-- TASK DIRECTIONS --
Write each entry out again, exactly as it is written.

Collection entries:
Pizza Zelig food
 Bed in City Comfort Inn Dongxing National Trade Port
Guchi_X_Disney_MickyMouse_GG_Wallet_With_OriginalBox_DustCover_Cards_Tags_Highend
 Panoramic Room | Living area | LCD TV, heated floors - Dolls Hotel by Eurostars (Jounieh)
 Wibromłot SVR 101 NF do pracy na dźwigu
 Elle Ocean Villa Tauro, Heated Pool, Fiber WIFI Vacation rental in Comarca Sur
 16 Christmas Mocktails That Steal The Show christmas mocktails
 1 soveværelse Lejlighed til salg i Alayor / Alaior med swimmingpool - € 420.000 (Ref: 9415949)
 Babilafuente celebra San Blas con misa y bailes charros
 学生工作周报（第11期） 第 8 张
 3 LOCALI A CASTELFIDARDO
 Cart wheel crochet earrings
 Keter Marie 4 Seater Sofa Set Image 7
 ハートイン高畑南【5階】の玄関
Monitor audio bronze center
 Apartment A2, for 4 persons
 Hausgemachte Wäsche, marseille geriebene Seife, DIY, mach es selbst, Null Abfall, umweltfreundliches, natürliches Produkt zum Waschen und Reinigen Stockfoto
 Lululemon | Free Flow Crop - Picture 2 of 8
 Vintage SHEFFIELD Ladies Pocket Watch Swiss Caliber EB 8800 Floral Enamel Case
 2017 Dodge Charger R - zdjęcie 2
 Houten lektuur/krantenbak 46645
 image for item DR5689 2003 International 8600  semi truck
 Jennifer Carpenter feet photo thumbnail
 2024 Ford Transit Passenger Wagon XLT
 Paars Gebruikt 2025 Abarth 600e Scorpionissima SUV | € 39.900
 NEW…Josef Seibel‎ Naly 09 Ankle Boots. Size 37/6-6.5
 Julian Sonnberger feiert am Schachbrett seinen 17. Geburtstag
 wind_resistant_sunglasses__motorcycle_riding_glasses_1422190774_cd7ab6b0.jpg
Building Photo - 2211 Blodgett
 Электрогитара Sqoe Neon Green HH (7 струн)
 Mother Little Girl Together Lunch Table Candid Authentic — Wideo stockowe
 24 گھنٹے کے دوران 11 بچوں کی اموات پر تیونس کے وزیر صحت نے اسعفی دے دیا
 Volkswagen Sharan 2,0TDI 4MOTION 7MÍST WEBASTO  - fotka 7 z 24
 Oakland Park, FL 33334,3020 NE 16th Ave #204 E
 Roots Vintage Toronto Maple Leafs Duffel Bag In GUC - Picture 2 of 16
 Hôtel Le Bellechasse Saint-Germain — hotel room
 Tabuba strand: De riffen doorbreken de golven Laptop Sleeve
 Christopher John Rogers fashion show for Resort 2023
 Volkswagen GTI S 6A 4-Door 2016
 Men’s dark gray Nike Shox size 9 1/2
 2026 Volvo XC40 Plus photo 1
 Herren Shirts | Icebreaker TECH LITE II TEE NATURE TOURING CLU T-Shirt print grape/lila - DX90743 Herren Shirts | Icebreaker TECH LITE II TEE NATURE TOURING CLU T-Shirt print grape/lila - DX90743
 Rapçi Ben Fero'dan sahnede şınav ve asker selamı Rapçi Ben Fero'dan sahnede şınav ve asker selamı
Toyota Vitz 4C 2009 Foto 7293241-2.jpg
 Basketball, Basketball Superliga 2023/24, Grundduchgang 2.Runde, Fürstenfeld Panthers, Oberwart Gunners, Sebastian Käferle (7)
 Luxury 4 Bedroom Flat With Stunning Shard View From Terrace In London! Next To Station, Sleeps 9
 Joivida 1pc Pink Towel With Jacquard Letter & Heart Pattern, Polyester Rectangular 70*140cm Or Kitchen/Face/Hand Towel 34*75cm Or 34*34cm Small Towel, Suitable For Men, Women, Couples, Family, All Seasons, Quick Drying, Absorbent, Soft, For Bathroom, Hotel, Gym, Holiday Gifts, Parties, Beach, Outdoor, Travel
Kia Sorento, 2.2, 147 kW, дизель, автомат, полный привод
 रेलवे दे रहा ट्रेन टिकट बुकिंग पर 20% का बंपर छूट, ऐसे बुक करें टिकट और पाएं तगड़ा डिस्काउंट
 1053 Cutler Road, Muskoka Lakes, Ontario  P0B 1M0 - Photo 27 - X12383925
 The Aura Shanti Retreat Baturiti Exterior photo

-- SOLUTION BELOW --
Pizza Zelig food
 Bed in City Comfort Inn Dongxing National Trade Port
Guchi_X_Disney_MickyMouse_GG_Wallet_With_OriginalBox_DustCover_Cards_Tags_Highend
 Panoramic Room | Living area | LCD TV, heated floors - Dolls Hotel by Eurostars (Jounieh)
 Wibromłot SVR 101 NF do pracy na dźwigu
 Elle Ocean Villa Tauro, Heated Pool, Fiber WIFI Vacation rental in Comarca Sur
 16 Christmas Mocktails That Steal The Show christmas mocktails
 1 soveværelse Lejlighed til salg i Alayor / Alaior med swimmingpool - € 420.000 (Ref: 9415949)
 Babilafuente celebra San Blas con misa y bailes charros
 学生工作周报（第11期） 第 8 张
 3 LOCALI A CASTELFIDARDO
 Cart wheel crochet earrings
 Keter Marie 4 Seater Sofa Set Image 7
 ハートイン高畑南【5階】の玄関
Monitor audio bronze center
 Apartment A2, for 4 persons
 Hausgemachte Wäsche, marseille geriebene Seife, DIY, mach es selbst, Null Abfall, umweltfreundliches, natürliches Produkt zum Waschen und Reinigen Stockfoto
 Lululemon | Free Flow Crop - Picture 2 of 8
 Vintage SHEFFIELD Ladies Pocket Watch Swiss Caliber EB 8800 Floral Enamel Case
 2017 Dodge Charger R - zdjęcie 2
 Houten lektuur/krantenbak 46645
 image for item DR5689 2003 International 8600  semi truck
 Jennifer Carpenter feet photo thumbnail
 2024 Ford Transit Passenger Wagon XLT
 Paars Gebruikt 2025 Abarth 600e Scorpionissima SUV | € 39.900
 NEW…Josef Seibel‎ Naly 09 Ankle Boots. Size 37/6-6.5
 Julian Sonnberger feiert am Schachbrett seinen 17. Geburtstag
 wind_resistant_sunglasses__motorcycle_riding_glasses_1422190774_cd7ab6b0.jpg
Building Photo - 2211 Blodgett
 Электрогитара Sqoe Neon Green HH (7 струн)
 Mother Little Girl Together Lunch Table Candid Authentic — Wideo stockowe
 24 گھنٹے کے دوران 11 بچوں کی اموات پر تیونس کے وزیر صحت نے اسعفی دے دیا
 Volkswagen Sharan 2,0TDI 4MOTION 7MÍST WEBASTO  - fotka 7 z 24
 Oakland Park, FL 33334,3020 NE 16th Ave #204 E
 Roots Vintage Toronto Maple Leafs Duffel Bag In GUC - Picture 2 of 16
 Hôtel Le Bellechasse Saint-Germain — hotel room
 Tabuba strand: De riffen doorbreken de golven Laptop Sleeve
 Christopher John Rogers fashion show for Resort 2023
 Volkswagen GTI S 6A 4-Door 2016
 Men’s dark gray Nike Shox size 9 1/2
 2026 Volvo XC40 Plus photo 1
 Herren Shirts | Icebreaker TECH LITE II TEE NATURE TOURING CLU T-Shirt print grape/lila - DX90743 Herren Shirts | Icebreaker TECH LITE II TEE NATURE TOURING CLU T-Shirt print grape/lila - DX90743
 Rapçi Ben Fero'dan sahnede şınav ve asker selamı Rapçi Ben Fero'dan sahnede şınav ve asker selamı
Toyota Vitz 4C 2009 Foto 7293241-2.jpg
 Basketball, Basketball Superliga 2023/24, Grundduchgang 2.Runde, Fürstenfeld Panthers, Oberwart Gunners, Sebastian Käferle (7)
 Luxury 4 Bedroom Flat With Stunning Shard View From Terrace In London! Next To Station, Sleeps 9
 Joivida 1pc Pink Towel With Jacquard Letter & Heart Pattern, Polyester Rectangular 70*140cm Or Kitchen/Face/Hand Towel 34*75cm Or 34*34cm Small Towel, Suitable For Men, Women, Couples, Family, All Seasons, Quick Drying, Absorbent, Soft, For Bathroom, Hotel, Gym, Holiday Gifts, Parties, Beach, Outdoor, Travel
Kia Sorento, 2.2, 147 kW, дизель, автомат, полный привод
 रेलवे दे रहा ट्रेन टिकट बुकिंग पर 20% का बंपर छूट, ऐसे बुक करें टिकट और पाएं तगड़ा डिस्काउंट
 1053 Cutler Road, Muskoka Lakes, Ontario  P0B 1M0 - Photo 27 - X12383925
 The Aura Shanti Retreat Baturiti Exterior photo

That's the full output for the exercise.